Yes, I know, there are lots of women who like “Fast and Furious” movies—and notably less men that like “Fifty Shades” movies, as evidenced by how “Furious” movies are rubber-stamped by critics and “Fifty” movies are ridiculed. But when you really get into the heart of the “Fast” audience, there’s a certain type of gear head that finds somethings primal in those movies that touch their heart in a way most people (like myself) can’t really get and they see a franchise that’s devoted to family, indestructible friendships, and the cathartic glory of analog muscle-heads smashing through a digital world with nothing more than a souped-up GTO.
I would argue that most of that stuff is fake—the “Fast Family” is a marketing gimmick, since of the most principal actors actually hate each other, and the early nitty-gritty of the first “Fast” movie has long been replaced by ridiculous CGI. But it’s audience will just say that I don’t “get it” and shrug.
What Works: Well, the same is definitely true of the “Fifty Shades” movies, which everyone seems to openly hate, but still goes to see in droves anyway. [I don’t really believe that millions upon millions of people are going just to hate watch.] For a certain female viewer, these films are tapping into something more primal about control, freedom, lust, and damaged “Beauty and the Beastly Beauty” narratives than many critics are willing to admit or even understand.

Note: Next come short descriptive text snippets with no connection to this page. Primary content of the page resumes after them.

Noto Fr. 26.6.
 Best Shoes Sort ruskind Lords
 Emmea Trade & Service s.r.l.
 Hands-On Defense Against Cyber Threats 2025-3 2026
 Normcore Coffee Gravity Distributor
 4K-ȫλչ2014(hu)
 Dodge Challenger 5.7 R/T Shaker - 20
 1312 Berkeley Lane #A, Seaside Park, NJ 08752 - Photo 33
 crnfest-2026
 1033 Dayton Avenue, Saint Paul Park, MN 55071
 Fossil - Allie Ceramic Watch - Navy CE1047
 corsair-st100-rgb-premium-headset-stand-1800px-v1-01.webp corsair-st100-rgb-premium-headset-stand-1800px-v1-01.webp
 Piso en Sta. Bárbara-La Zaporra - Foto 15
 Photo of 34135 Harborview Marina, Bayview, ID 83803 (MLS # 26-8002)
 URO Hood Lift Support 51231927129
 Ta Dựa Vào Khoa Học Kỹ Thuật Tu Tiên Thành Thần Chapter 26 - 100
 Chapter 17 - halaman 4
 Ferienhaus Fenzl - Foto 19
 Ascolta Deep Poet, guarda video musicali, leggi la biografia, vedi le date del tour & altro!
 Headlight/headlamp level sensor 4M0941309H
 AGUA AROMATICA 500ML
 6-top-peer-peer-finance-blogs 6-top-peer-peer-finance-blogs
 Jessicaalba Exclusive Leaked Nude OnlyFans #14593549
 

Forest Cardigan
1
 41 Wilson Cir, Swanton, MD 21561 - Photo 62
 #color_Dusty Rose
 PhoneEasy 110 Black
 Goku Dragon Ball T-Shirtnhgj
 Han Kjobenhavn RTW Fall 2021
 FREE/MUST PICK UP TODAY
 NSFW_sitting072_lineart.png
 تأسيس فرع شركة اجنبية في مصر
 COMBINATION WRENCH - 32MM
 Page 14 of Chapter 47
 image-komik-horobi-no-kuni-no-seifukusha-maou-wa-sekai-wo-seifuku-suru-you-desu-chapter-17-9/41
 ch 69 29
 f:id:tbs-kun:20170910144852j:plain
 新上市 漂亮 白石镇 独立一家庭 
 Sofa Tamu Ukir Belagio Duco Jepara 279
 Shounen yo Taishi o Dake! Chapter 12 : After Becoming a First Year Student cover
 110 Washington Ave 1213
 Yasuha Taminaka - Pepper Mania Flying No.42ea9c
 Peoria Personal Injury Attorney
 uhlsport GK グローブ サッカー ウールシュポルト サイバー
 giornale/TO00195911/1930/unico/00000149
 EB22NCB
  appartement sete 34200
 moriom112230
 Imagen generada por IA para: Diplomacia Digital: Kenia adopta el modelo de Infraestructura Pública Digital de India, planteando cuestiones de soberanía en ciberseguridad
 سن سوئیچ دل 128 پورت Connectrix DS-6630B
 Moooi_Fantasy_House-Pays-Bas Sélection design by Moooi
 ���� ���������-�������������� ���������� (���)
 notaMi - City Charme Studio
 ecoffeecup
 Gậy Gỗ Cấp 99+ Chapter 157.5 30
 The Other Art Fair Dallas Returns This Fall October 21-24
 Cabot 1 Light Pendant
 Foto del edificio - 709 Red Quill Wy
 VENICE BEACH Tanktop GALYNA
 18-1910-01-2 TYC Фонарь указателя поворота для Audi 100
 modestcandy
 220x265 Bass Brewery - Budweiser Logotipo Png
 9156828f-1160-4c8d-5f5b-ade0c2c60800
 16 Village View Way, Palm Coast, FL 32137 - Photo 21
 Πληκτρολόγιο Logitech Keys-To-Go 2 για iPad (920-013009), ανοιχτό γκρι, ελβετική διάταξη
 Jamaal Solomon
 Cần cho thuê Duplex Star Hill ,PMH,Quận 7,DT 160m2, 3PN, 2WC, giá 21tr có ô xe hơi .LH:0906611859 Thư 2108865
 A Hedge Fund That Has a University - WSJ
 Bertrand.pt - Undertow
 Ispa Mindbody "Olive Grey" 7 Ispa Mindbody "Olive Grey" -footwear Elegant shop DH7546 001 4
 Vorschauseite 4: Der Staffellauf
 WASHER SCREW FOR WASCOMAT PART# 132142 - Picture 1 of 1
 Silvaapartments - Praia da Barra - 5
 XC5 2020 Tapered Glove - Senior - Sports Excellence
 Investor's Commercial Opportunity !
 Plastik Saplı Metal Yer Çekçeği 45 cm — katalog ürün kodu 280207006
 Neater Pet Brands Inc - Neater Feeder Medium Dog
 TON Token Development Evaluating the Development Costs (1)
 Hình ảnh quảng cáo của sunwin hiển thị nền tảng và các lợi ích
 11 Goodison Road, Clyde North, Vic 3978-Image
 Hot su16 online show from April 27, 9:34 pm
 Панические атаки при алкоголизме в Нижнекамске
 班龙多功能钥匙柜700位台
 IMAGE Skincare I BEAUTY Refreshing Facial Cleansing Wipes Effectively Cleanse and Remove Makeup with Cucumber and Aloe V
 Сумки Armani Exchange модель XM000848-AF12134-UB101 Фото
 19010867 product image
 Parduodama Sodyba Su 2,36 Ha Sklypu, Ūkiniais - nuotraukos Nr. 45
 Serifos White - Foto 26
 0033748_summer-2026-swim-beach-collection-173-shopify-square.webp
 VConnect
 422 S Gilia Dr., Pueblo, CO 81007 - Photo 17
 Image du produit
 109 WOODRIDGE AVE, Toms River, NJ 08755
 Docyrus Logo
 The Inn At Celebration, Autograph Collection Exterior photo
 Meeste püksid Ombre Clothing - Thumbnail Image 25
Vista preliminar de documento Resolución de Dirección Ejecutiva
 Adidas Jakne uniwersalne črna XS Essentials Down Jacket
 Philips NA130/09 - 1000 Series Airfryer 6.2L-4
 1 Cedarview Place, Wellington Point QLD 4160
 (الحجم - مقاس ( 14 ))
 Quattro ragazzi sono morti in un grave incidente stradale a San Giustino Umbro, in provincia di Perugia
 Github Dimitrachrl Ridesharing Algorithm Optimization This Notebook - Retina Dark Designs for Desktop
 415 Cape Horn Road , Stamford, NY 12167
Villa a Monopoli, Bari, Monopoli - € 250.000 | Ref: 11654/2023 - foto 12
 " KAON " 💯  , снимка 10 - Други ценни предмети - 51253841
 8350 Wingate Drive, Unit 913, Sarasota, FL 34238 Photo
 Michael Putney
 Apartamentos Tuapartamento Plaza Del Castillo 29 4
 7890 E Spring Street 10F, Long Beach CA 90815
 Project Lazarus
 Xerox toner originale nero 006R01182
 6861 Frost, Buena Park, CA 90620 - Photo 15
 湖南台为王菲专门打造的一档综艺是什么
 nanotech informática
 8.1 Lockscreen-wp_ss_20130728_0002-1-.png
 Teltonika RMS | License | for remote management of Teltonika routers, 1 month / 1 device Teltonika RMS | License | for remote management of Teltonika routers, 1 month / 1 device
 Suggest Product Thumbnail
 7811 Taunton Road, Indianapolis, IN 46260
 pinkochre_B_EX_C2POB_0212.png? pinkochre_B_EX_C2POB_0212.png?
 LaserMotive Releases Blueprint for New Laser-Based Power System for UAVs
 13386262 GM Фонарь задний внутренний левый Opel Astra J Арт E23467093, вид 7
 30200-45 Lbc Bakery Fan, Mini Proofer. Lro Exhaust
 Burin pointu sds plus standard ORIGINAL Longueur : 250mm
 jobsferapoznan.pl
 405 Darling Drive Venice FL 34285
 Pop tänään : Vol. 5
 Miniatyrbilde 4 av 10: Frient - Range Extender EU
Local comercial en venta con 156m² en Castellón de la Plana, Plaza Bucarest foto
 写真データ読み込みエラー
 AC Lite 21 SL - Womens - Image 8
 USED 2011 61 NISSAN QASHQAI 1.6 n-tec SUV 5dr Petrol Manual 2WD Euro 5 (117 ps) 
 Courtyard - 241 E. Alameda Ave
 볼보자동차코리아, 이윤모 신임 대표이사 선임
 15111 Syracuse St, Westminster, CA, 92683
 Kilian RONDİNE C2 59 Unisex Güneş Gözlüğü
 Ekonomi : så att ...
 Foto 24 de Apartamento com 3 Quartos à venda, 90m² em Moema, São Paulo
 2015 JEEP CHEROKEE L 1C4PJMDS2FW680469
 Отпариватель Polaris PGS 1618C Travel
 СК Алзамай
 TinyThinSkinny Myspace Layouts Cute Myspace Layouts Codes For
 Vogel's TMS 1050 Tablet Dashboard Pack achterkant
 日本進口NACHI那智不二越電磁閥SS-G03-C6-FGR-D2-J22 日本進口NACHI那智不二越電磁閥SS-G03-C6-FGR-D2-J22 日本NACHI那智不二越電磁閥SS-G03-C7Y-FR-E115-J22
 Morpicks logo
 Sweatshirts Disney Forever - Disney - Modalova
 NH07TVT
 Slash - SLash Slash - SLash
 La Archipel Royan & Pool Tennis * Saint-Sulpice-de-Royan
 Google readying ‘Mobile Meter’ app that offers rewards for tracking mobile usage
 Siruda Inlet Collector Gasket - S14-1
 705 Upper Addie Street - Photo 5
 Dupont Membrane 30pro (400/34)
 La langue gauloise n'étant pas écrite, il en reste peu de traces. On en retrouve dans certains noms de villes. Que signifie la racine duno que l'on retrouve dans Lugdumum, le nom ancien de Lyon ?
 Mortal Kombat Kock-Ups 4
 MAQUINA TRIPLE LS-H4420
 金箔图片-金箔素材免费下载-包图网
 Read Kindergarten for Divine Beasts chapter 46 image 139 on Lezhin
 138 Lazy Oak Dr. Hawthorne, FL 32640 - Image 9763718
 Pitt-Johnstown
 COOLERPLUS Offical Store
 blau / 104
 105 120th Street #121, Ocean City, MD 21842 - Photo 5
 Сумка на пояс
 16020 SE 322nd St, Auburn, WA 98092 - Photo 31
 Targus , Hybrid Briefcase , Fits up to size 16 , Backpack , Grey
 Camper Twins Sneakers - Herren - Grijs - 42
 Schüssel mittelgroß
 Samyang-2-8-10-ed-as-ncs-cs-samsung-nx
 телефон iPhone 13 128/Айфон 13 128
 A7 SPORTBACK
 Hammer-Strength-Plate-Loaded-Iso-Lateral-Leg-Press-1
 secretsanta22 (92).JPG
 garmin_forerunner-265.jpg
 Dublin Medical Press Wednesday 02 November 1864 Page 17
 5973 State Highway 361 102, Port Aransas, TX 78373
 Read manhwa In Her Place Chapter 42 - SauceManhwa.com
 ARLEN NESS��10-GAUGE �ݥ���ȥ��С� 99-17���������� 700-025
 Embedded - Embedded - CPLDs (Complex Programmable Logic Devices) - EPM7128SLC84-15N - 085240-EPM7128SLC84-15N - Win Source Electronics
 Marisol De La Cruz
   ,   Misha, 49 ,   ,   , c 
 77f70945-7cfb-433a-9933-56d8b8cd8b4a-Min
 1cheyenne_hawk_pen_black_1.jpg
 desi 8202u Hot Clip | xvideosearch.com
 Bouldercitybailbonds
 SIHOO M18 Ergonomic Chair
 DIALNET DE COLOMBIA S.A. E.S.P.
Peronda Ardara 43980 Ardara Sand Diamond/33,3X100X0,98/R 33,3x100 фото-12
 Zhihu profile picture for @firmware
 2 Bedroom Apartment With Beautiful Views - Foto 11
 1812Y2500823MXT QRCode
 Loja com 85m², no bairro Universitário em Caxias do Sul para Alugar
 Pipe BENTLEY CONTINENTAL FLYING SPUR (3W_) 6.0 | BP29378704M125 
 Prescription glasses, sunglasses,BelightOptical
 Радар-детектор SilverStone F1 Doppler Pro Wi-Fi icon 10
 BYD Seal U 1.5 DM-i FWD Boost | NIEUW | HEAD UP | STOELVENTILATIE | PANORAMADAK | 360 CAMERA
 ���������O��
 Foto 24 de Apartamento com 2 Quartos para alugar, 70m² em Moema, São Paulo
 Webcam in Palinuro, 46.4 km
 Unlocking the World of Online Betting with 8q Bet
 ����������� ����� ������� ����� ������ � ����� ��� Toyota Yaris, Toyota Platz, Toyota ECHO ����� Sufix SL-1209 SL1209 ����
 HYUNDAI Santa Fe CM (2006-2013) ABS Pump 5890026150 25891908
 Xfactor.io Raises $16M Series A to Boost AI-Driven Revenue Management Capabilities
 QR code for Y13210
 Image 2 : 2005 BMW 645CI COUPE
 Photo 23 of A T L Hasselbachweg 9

During the sold-out opening night screening I attended—in a theater that serves alcohol—several groups of women were kind-of making jokes about being there (“Can you believe how lame this is?” type stuff), but you could tell no one really believes that anymore, since…well, why would you go to the opening night 10 p.m. screening on a cold Thursday night if you really didn’t want to be there? It’s also noting that although women still routinely grouse that Steven Soderbergh tricked them into watching an art film like “Magic Mike” (rather than expressing relief it wasn’t just an exploitative beefcake-palooza), several women last night burst into applause during this movie’s first sex scene and the appearance of the infinitely-bland Jamie Dornan, and are obviously enjoying “Fifty”‘s more shallow pleasures.
What Doesn’t: That being said, this is the worst film in the franchise (to me), and a lot of the first two movie’s more challenging elements—the push/pull of Anastasia’s first bondage experiences, the abuse of Christian’s background, and Kim Basinger—have been airbrushed into goofy comedy (there’s a scene involving melted ice cream being licked off Dornan’s scraggly, uneven body hair that might make you gag more than blush). Worse, although there is a token sense of danger in Anastasia and Christian’s stalker, the few times he puts anyone in danger don’t last more than a few seconds.
What we’re left with is a final film that feels too light, the film equivalent of “The Bachelor,” loaded with clumsy product placement (most of the action feels like an Audi commercial), vacation porn-trips, HGTV ready designer homes, and not much else. Christian’s tortured background receives a token mention, but Kim Basinger’s antagonist (set up as a foil in the second film) isn’t even on-screen. Worst of all, “Shades” reveals its conservative heart, with an unwanted pregnancy not even receiving a token mention that abortion is legal in the United States. In scenes like that, you can see how “Shades” started as “Twilight” fan fiction, and E.L. James may have been unknowingly influenced by the Mormon Twilight author’s social leanings.
What I Would Have Done Differently: I actually feel the first two movies weren’t nearly as bad, and I could imagine an alternate cut of this movie with less product placement and shallow set design, and more earnest character development. Of course, a lot of the female fans would hate that movie almost as much male “Fast” fans would hate a better version of their sacred franchise.